*Assignment*: Below are some records. Write out exactly their lines from the one with "Akçadağ Yolunda Kaza: 9 yaralı" through the one with "Boucle d’Oreille Fleur Blanche Perle Ibiza", and leave the pictures behind.

Extracted records section start

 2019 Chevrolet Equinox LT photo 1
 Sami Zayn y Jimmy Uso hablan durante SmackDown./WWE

Extracted records section end
Extracted records section start

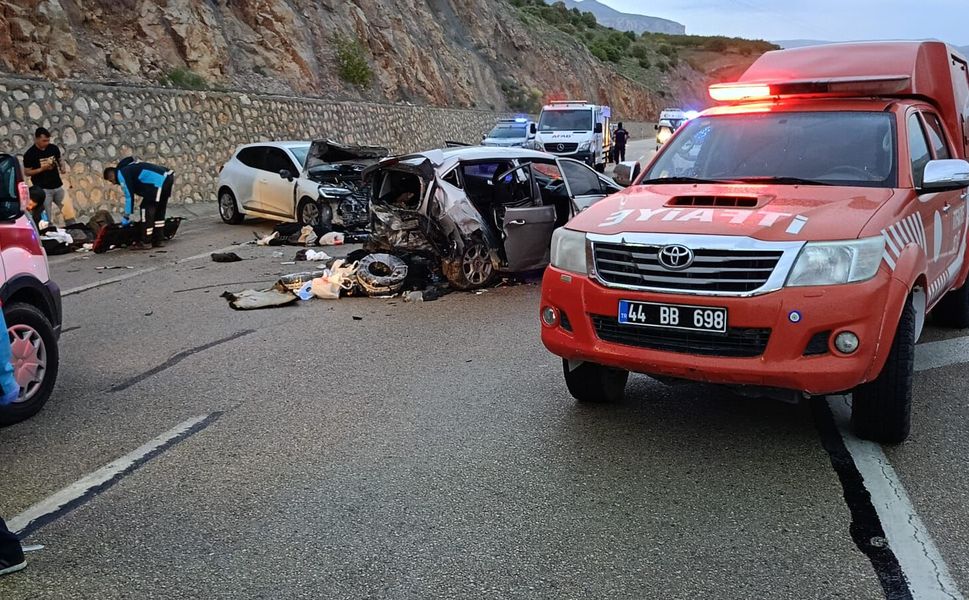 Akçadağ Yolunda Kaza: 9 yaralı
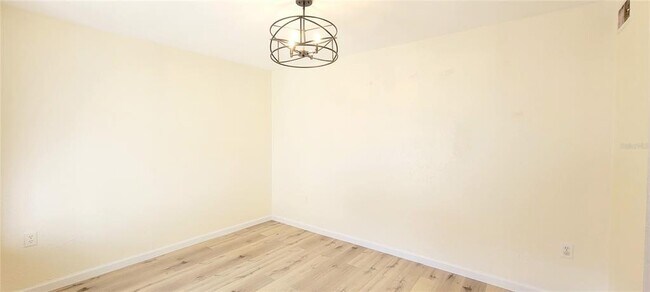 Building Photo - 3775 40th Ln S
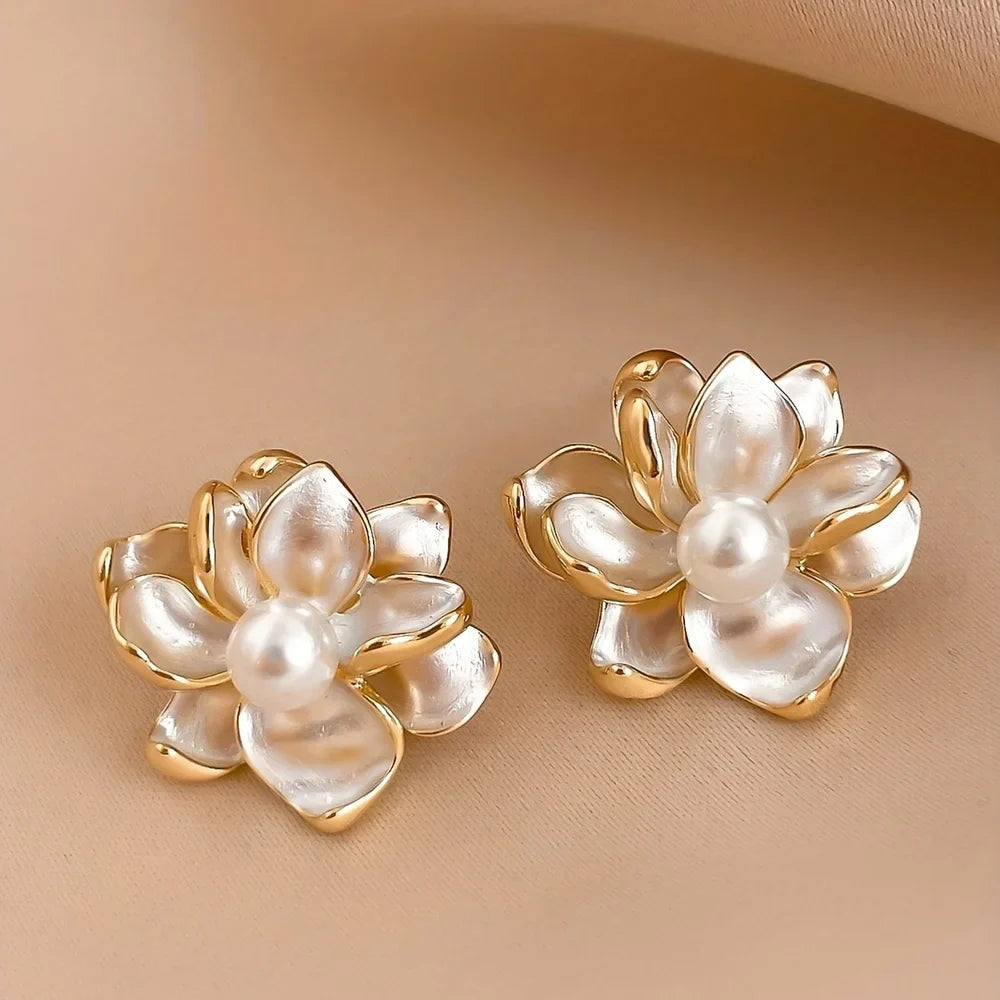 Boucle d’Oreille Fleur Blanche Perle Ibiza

Extracted records section end

*Answer to the problem*:
 Akçadağ Yolunda Kaza: 9 yaralı
 Building Photo - 3775 40th Ln S
 Boucle d’Oreille Fleur Blanche Perle Ibiza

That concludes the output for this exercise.